■ Requirement
Please copy out the records that follow, word for word.

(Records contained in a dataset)
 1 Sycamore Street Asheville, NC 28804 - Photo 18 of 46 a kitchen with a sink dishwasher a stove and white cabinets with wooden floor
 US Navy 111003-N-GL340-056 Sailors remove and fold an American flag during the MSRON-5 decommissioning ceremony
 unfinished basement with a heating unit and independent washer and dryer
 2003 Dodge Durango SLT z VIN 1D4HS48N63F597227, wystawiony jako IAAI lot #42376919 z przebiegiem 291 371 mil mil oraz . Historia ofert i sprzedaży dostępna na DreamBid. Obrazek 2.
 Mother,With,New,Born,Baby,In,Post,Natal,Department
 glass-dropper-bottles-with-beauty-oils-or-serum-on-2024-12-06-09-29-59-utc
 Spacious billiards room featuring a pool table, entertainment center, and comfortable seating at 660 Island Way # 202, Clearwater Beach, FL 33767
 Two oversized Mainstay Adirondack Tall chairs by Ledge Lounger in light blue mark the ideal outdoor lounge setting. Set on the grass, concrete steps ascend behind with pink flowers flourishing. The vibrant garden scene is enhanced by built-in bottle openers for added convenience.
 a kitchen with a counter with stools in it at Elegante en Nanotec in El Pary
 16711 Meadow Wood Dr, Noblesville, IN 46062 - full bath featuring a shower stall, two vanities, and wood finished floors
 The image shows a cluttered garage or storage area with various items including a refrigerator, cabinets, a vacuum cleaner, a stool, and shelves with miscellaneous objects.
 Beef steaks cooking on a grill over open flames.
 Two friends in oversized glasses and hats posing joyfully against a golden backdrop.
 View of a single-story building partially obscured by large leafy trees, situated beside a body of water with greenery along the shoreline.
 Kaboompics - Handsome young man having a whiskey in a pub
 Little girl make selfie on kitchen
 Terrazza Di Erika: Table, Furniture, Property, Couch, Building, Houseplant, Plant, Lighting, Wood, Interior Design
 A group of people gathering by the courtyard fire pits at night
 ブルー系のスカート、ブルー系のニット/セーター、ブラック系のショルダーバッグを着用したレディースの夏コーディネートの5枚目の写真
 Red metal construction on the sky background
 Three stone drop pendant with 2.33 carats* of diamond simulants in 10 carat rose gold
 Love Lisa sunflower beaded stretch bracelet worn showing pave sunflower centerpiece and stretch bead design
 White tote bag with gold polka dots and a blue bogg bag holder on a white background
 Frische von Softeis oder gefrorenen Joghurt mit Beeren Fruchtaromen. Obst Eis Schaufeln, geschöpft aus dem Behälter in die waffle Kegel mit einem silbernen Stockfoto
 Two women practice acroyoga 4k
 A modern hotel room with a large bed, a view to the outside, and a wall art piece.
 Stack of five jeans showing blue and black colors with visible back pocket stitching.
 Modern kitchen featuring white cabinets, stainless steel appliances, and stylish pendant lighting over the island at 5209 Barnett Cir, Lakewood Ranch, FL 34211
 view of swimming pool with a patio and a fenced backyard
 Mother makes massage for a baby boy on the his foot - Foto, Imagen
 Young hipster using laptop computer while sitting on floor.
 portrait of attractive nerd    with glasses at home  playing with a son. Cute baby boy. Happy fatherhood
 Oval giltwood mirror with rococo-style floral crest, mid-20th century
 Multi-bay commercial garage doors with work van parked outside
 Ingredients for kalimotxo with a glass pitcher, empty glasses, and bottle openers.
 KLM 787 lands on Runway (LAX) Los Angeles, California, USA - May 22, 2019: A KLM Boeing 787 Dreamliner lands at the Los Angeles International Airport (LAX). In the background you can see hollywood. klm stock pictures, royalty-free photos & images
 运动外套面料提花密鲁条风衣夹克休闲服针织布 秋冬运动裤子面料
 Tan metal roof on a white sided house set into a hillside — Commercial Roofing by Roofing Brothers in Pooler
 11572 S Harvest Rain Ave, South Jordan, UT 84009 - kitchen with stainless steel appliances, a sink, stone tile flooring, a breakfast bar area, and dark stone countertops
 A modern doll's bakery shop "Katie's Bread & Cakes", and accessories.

■ Problem solution
 1 Sycamore Street Asheville, NC 28804 - Photo 18 of 46 a kitchen with a sink dishwasher a stove and white cabinets with wooden floor
 US Navy 111003-N-GL340-056 Sailors remove and fold an American flag during the MSRON-5 decommissioning ceremony
 unfinished basement with a heating unit and independent washer and dryer
 2003 Dodge Durango SLT z VIN 1D4HS48N63F597227, wystawiony jako IAAI lot #42376919 z przebiegiem 291 371 mil mil oraz . Historia ofert i sprzedaży dostępna na DreamBid. Obrazek 2.
 Mother,With,New,Born,Baby,In,Post,Natal,Department
 glass-dropper-bottles-with-beauty-oils-or-serum-on-2024-12-06-09-29-59-utc
 Spacious billiards room featuring a pool table, entertainment center, and comfortable seating at 660 Island Way # 202, Clearwater Beach, FL 33767
 Two oversized Mainstay Adirondack Tall chairs by Ledge Lounger in light blue mark the ideal outdoor lounge setting. Set on the grass, concrete steps ascend behind with pink flowers flourishing. The vibrant garden scene is enhanced by built-in bottle openers for added convenience.
 a kitchen with a counter with stools in it at Elegante en Nanotec in El Pary
 16711 Meadow Wood Dr, Noblesville, IN 46062 - full bath featuring a shower stall, two vanities, and wood finished floors
 The image shows a cluttered garage or storage area with various items including a refrigerator, cabinets, a vacuum cleaner, a stool, and shelves with miscellaneous objects.
 Beef steaks cooking on a grill over open flames.
 Two friends in oversized glasses and hats posing joyfully against a golden backdrop.
 View of a single-story building partially obscured by large leafy trees, situated beside a body of water with greenery along the shoreline.
 Kaboompics - Handsome young man having a whiskey in a pub
 Little girl make selfie on kitchen
 Terrazza Di Erika: Table, Furniture, Property, Couch, Building, Houseplant, Plant, Lighting, Wood, Interior Design
 A group of people gathering by the courtyard fire pits at night
 ブルー系のスカート、ブルー系のニット/セーター、ブラック系のショルダーバッグを着用したレディースの夏コーディネートの5枚目の写真
 Red metal construction on the sky background
 Three stone drop pendant with 2.33 carats* of diamond simulants in 10 carat rose gold
 Love Lisa sunflower beaded stretch bracelet worn showing pave sunflower centerpiece and stretch bead design
 White tote bag with gold polka dots and a blue bogg bag holder on a white background
 Frische von Softeis oder gefrorenen Joghurt mit Beeren Fruchtaromen. Obst Eis Schaufeln, geschöpft aus dem Behälter in die waffle Kegel mit einem silbernen Stockfoto
 Two women practice acroyoga 4k
 A modern hotel room with a large bed, a view to the outside, and a wall art piece.
 Stack of five jeans showing blue and black colors with visible back pocket stitching.
 Modern kitchen featuring white cabinets, stainless steel appliances, and stylish pendant lighting over the island at 5209 Barnett Cir, Lakewood Ranch, FL 34211
 view of swimming pool with a patio and a fenced backyard
 Mother makes massage for a baby boy on the his foot - Foto, Imagen
 Young hipster using laptop computer while sitting on floor.
 portrait of attractive nerd    with glasses at home  playing with a son. Cute baby boy. Happy fatherhood
 Oval giltwood mirror with rococo-style floral crest, mid-20th century
 Multi-bay commercial garage doors with work van parked outside
 Ingredients for kalimotxo with a glass pitcher, empty glasses, and bottle openers.
 KLM 787 lands on Runway (LAX) Los Angeles, California, USA - May 22, 2019: A KLM Boeing 787 Dreamliner lands at the Los Angeles International Airport (LAX). In the background you can see hollywood. klm stock pictures, royalty-free photos & images
 运动外套面料提花密鲁条风衣夹克休闲服针织布 秋冬运动裤子面料
 Tan metal roof on a white sided house set into a hillside — Commercial Roofing by Roofing Brothers in Pooler
 11572 S Harvest Rain Ave, South Jordan, UT 84009 - kitchen with stainless steel appliances, a sink, stone tile flooring, a breakfast bar area, and dark stone countertops
 A modern doll's bakery shop "Katie's Bread & Cakes", and accessories.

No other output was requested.